If its logic to logic, and your within the data sheet bounds, this should not be a problem,

Where I have seen this, is when people try to use voltage dividers to go between logic series , or when people have designed by try it and see, one prototype worked, so they went into production.

The thresholds will vary, the drive currents and speeds will vary over PVT, one just has to design to data sheets
180Celcius,

Yes they are industrial grade parts specifically made for high temperature

The example you gave us exactly concerns the product thats being used. We had 20 systems that were ok. one of them failed. and we suspect that this is the cause of the failure.

The customer is indeed using it outside the range. its supposed to be rated for 150C but they need it until 175. Also the customer uses a 3.3v ftdi to communicate when the mcu needs a 5V signal for communication. Since the voltage thresholds is between 3v and 5v. then the temerature has a very high influence since they can come close to this threshold limits.

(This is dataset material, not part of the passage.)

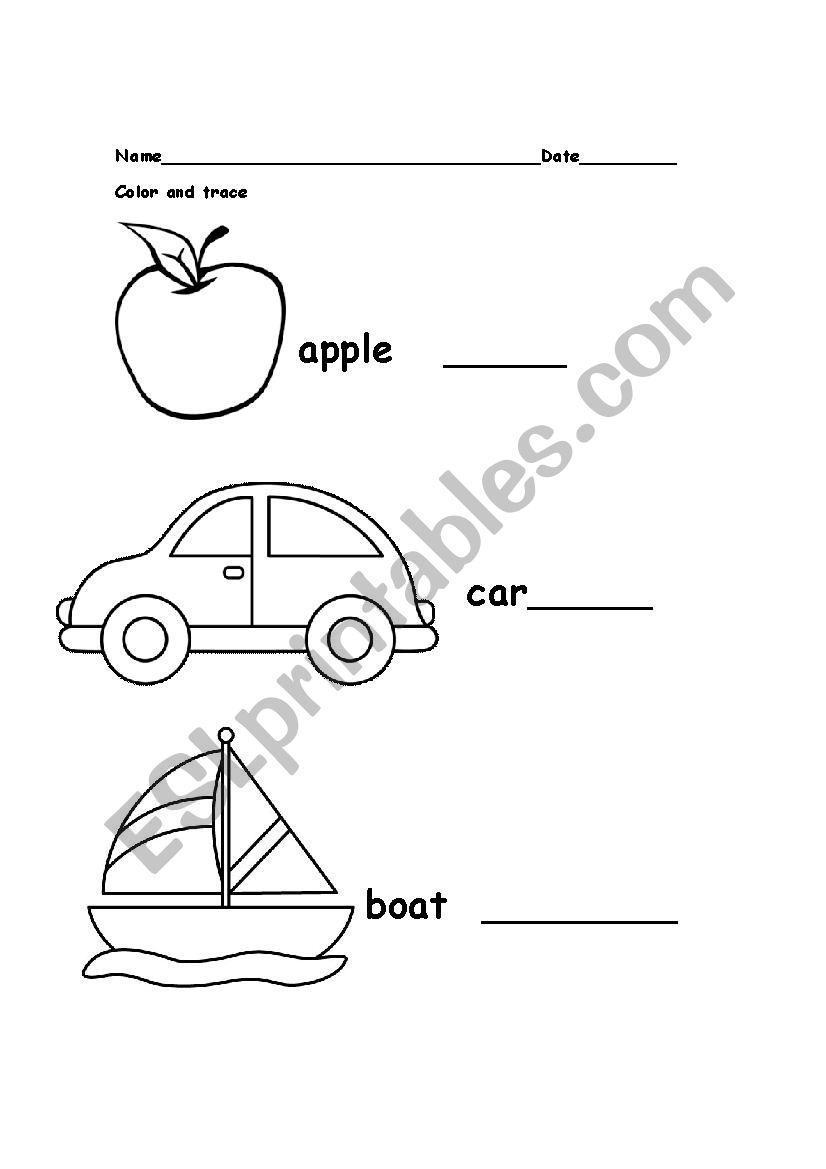 a b c worksheet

for ex. a 3.3v to our system at 175 C would not until bring our VIH up but also the VOH from their system down. At one temperature the point meets and causes a failure
 

Irving

Joined Jan 30, 2016
3,843
When i worked on mil grade equipment we wouldn't design around those extremes. Within 20degC of the limits hot or cold we had to build in other approaches, such as active insulation (most mil equipment you can't use open cooling for EMR reasons) or active heating.

Why/where would you take such systems to those temperatures?

Sounds to me you need to revisit how you cool/insulate or bin select parts prior to manufacture.
 

Deleted member 115935

Joined Dec 31, 1969
0
Silicon stops working above 125 Deg C ,

I did some mill stuff that had to work at top of a funnel, in the fumes, at around 180 to 200 C, we had to use a cooling system to keep the chips below 125. And they were screened parts for the application. ( The chips dissipated a watt or two, the cooling a few hundred watts )

had the same sort of problems in a down a boor hole application,

The FTDI chip, is that rated for this sort of temperature ? If you are using one with a charge pump on it, then they are temperature sensitive. The capacitors just degrade when that hot.


I would be very worried. If you test say two units out side limits that work, then make another 98 without testing outside limits, what confidence do you have that the 98 will work ? I'd say zero.

Even if you test every unit to its limits, running the silicon above 125 , degrades the chip with time. To a first level, the doping diffuses.

I hope this is not for a critical / mission sensitive design.
 

Irving

Joined Jan 30, 2016
3,843
I hope this is not for a critical / mission sensitive design.
I concur. The radio bay of a certain plane, engine shut down, on an artic airstrip can get down to -60C with wind chill. The same bay, stuck on top of the engine (yes, wasn't my ideal place) on a desert airstrip in full sun with the engines running can hit 170C. To do that in the same bit of equipment takes some creativity... and it doesn't involve exposing the chips to those extremes...it just would be madness.